DIRECTIONS FOR THIS TASK:
All of the data should be copied exactly, with the pictures left out.

INPUT DATA:

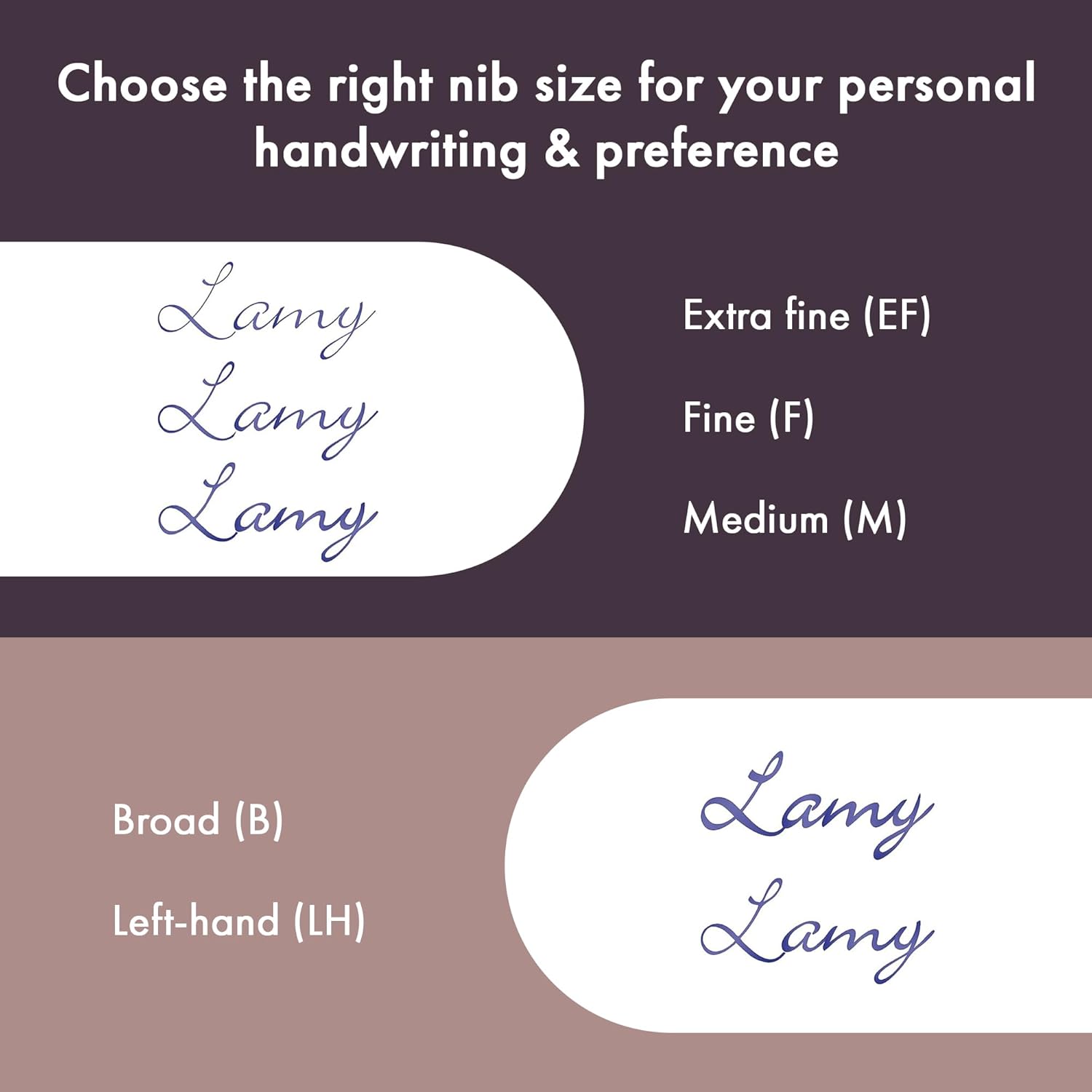 LAMY safari white - Fountain Pen with ergonomic grip & polished steel nib in size EF - ideal for any Writing & Calligraphy - including LAMY T 10 blue cartridge - Right-Handed side view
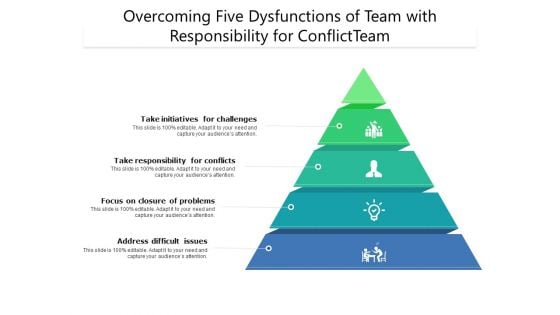 Overcoming Five Dysfunctions Of Team With Responsibility For Conflict Team Ppt PowerPoint Presentation Inspiration PDF
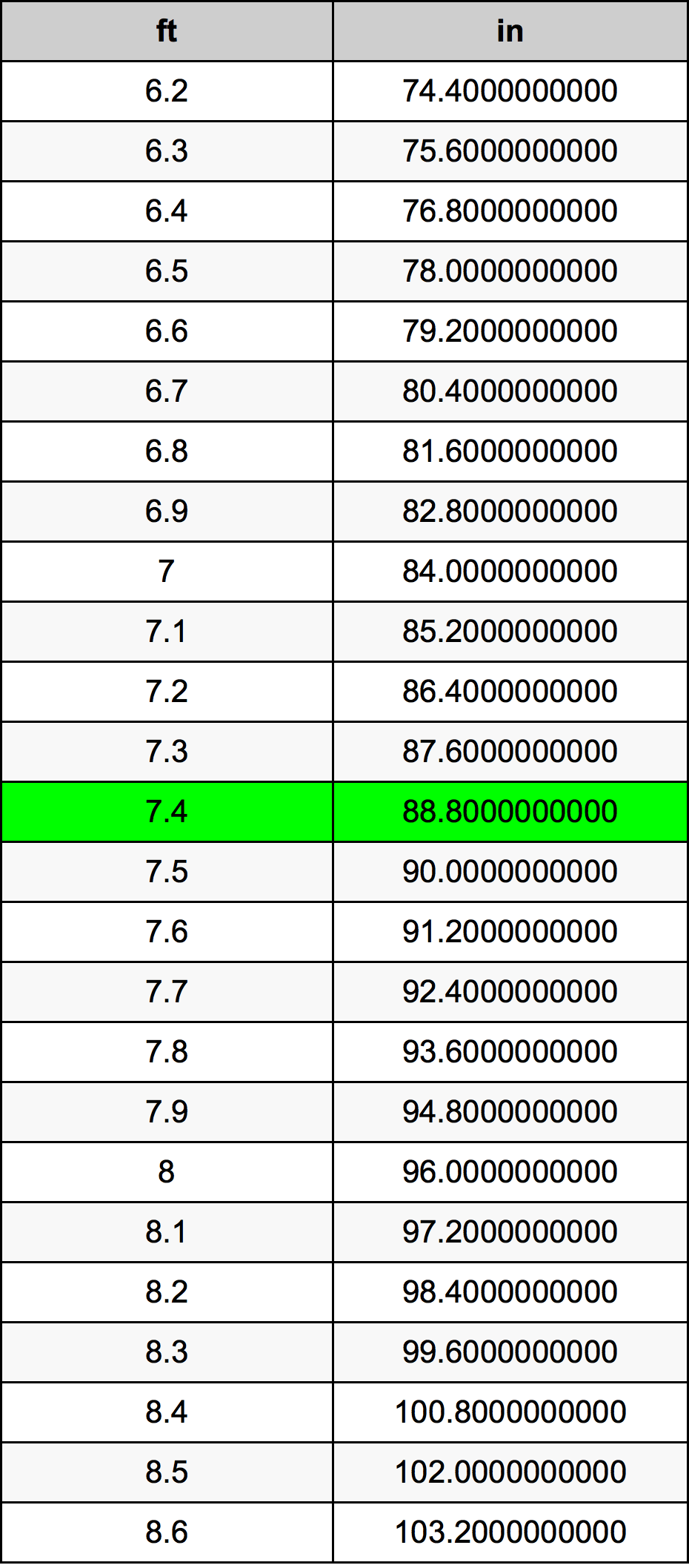 7.4 Piedi konverżjoni tabella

COMPLETED TASK:
 LAMY safari white - Fountain Pen with ergonomic grip & polished steel nib in size EF - ideal for any Writing & Calligraphy - including LAMY T 10 blue cartridge - Right-Handed side view
 Overcoming Five Dysfunctions Of Team With Responsibility For Conflict Team Ppt PowerPoint Presentation Inspiration PDF
 7.4 Piedi konverżjoni tabella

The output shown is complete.